Keeping the door open
But ECB chief Mario Draghi “will nevertheless surely indicate that the door is still open to further easing in the coming months,” Cates said.
“Market-based inflation expectations are still far too low for comfort and could become even further unhinged should the oil price continue its descent. Downside risks to the growth outlook have obviously increased as well as a result of the recent financial market instability.”
Oxford Economics economist Ben May agreed.
“Markets will be looking for signs as to whether the renewed fall in the oil price, ongoing concerns about China and financial market weakness will see the dovish contingent of the governing council regaining the upper hand,” he argued.
ING DiBa economist Carsten Brzeski suggested that as Draghi “already had problems uniting the ECB for the December decision, we believe the ECB will keep dry the little powder it has left—at least for this week.”
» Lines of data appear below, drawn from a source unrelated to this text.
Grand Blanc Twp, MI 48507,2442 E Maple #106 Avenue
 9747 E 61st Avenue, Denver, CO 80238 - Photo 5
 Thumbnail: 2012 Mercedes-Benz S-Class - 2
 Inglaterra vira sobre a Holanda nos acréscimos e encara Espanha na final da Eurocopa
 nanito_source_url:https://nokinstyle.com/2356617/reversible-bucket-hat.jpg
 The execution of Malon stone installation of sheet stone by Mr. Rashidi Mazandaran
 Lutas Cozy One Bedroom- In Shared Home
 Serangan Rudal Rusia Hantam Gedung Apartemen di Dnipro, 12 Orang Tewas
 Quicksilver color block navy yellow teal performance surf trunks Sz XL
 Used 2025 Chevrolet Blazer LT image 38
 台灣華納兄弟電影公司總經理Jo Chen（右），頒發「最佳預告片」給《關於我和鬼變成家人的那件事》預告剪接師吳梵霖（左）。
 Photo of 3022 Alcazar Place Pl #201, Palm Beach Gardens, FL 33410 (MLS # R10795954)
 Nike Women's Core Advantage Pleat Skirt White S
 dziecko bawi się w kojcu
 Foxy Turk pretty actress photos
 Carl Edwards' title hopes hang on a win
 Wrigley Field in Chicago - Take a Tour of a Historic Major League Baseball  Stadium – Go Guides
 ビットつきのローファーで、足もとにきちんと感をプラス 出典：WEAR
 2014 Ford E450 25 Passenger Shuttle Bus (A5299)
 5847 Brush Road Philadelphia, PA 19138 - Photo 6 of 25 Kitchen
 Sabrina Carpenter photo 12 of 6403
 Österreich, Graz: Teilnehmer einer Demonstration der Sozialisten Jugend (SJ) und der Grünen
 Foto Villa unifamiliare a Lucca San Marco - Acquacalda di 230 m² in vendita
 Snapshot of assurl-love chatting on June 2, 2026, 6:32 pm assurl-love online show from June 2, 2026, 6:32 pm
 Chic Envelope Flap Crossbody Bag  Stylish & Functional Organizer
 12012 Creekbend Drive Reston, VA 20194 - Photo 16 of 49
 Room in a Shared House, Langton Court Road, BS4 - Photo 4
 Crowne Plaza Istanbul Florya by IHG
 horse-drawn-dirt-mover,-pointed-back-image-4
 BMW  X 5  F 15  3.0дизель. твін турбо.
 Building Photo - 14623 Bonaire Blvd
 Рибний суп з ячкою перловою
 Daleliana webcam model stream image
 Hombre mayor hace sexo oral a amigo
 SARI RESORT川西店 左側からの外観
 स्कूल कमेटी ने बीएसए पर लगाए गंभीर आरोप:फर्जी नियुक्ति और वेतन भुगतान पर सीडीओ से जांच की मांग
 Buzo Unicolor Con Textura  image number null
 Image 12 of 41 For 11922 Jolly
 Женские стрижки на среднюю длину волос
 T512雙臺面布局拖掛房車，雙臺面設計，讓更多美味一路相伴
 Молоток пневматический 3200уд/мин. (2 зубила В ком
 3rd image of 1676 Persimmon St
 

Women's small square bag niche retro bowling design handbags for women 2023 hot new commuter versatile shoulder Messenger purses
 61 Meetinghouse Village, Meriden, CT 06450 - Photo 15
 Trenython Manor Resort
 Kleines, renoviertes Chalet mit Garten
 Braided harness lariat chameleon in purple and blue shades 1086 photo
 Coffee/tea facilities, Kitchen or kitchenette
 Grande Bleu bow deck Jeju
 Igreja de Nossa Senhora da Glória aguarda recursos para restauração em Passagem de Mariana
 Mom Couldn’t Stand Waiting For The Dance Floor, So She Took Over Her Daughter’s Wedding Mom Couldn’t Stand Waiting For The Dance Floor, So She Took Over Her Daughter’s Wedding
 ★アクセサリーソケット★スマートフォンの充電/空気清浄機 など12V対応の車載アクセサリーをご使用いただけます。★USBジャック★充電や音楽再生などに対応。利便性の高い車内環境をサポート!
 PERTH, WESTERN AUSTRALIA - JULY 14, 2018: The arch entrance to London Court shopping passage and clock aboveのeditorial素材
On the basis of the economic data, there was “no reason for the ECB to re-assess its monetary stance again this week,” Brzeski said.
Indeed, a key ECB survey earlier this week indicated that Europe’s battered financial sector is showing further signs of mending and banks are increasingly competing for custom by easing credit standards.
Risks have not disappeared
“Still, the risks for the eurozone have not disappeared,” Brzeski argued.
“On the contrary, the latest market turmoil, continued concerns about the Chinese economy, adverse effects from low oil prices and recent worries that the US Federal Reserve might have jumped the gun in December have clearly increased the external risks for the eurozone,” he said.
The ECB’s deputy president Vitor Constancio conceded that mistakes had been made in communicating the bank’s intentions in December.
It was “difficult enough to calibrate monetary policy correctly. But it is even more difficult to fine-tune market expectations. Sometimes our statements are over-interpreted,” Constancio said in a newspaper interview at the end of last month.
According to the minutes of the December meeting, the 25-member governing council appears to be divided about the need for more policy action.
The minutes said that “some” members had argued “that the existing policy measures . . . should be given for them to unfold their full effect . . . before adopting further monetary policy measures”—a point often made publicly by Germany’s central bank chief Jens Weidmann.